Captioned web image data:
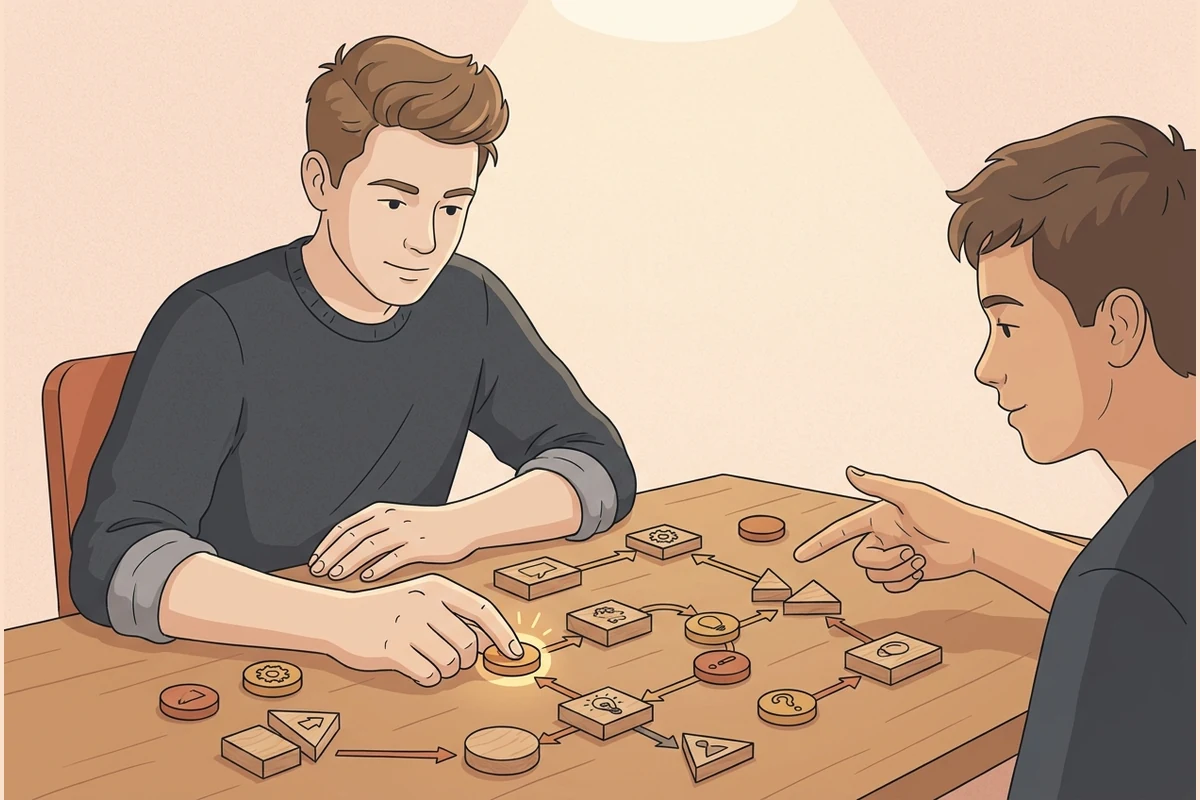An older teen tracing a program flow through connected blocks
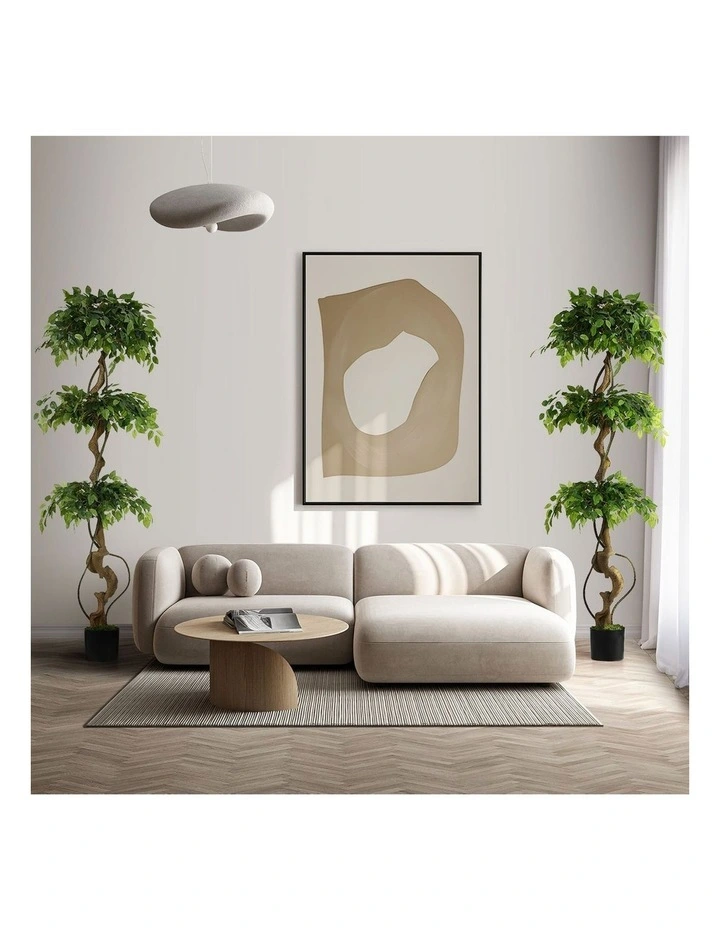 Livsip 2PCS Artificial Ficus Tree 180cm Large Twisted Ficus Faux Potted Plant image 5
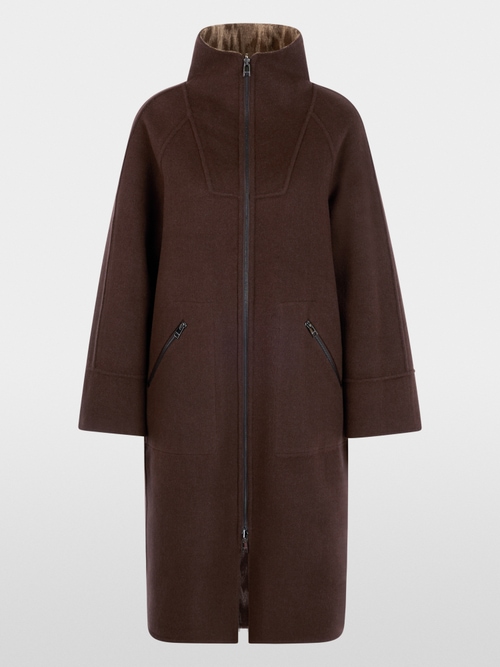 Wool coat with leopard print
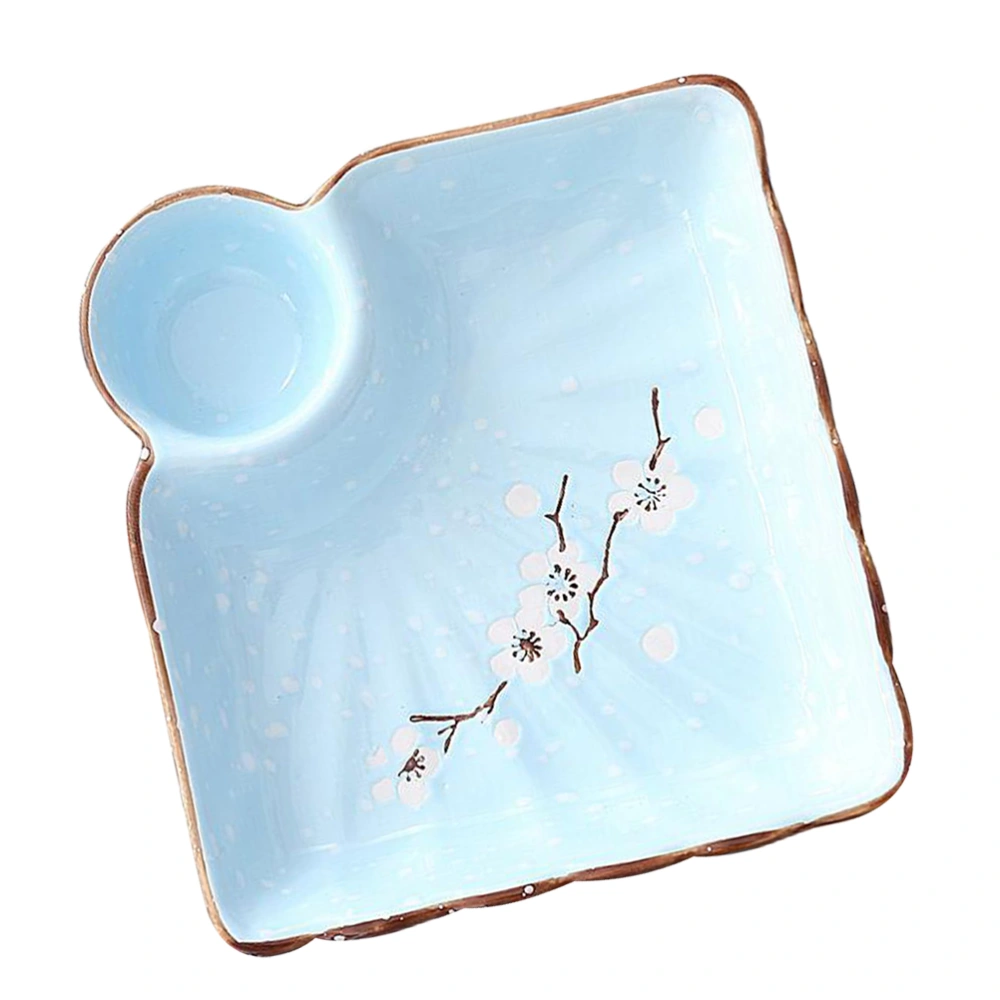 Creative Sauce Dish Dipping Bowl Ceramics Sauce Dish Seasoning Dish Saucer Appetizer Plates for Home (Sky-blue)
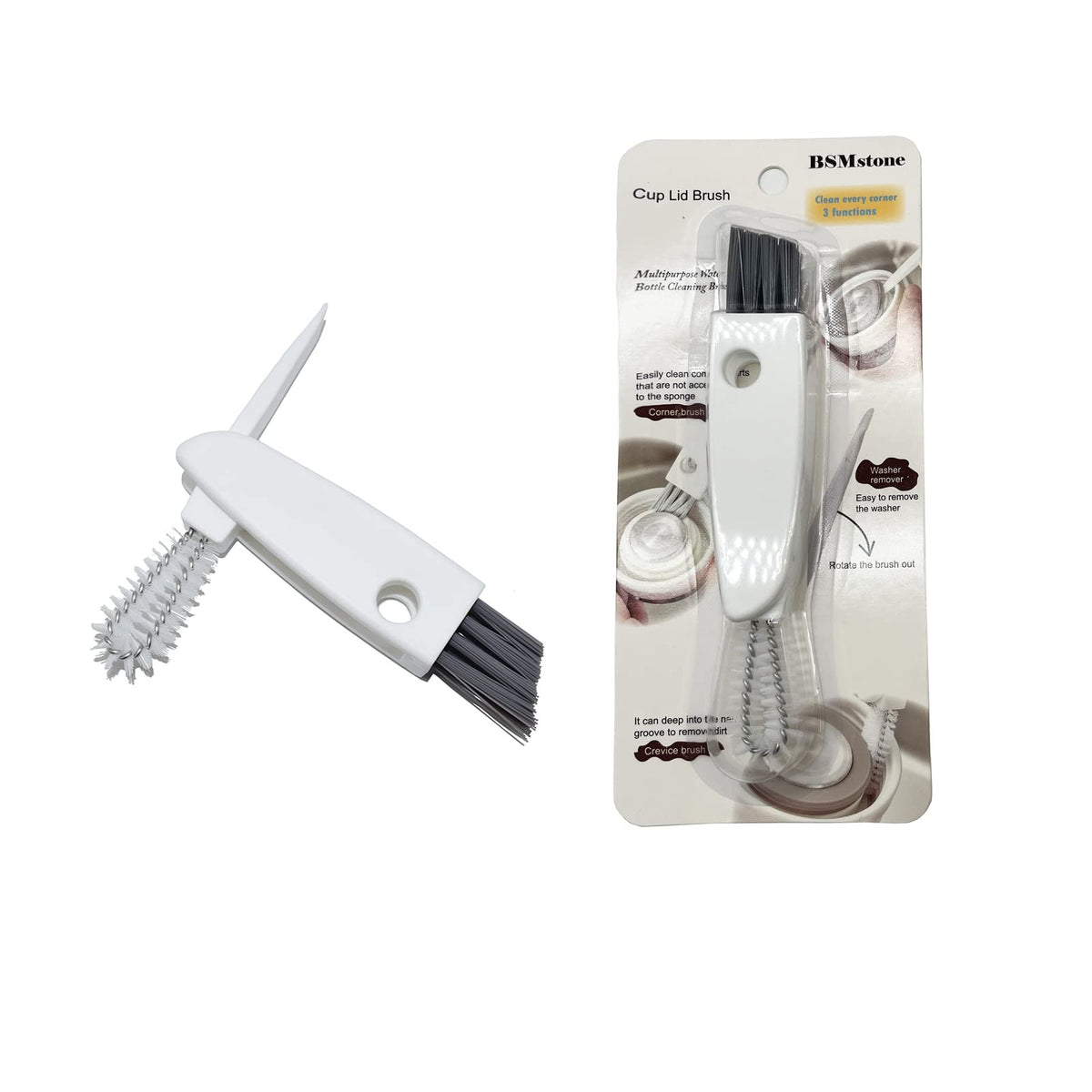 BSMstone Tiny Cleaning Brush assembly demonstrates compact design for crevice access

Task:
A faithful copy of the records above is needed, with the pictures left out.

Solution for this task:
An older teen tracing a program flow through connected blocks
 Livsip 2PCS Artificial Ficus Tree 180cm Large Twisted Ficus Faux Potted Plant image 5
 Wool coat with leopard print
 Creative Sauce Dish Dipping Bowl Ceramics Sauce Dish Seasoning Dish Saucer Appetizer Plates for Home (Sky-blue)
 BSMstone Tiny Cleaning Brush assembly demonstrates compact design for crevice access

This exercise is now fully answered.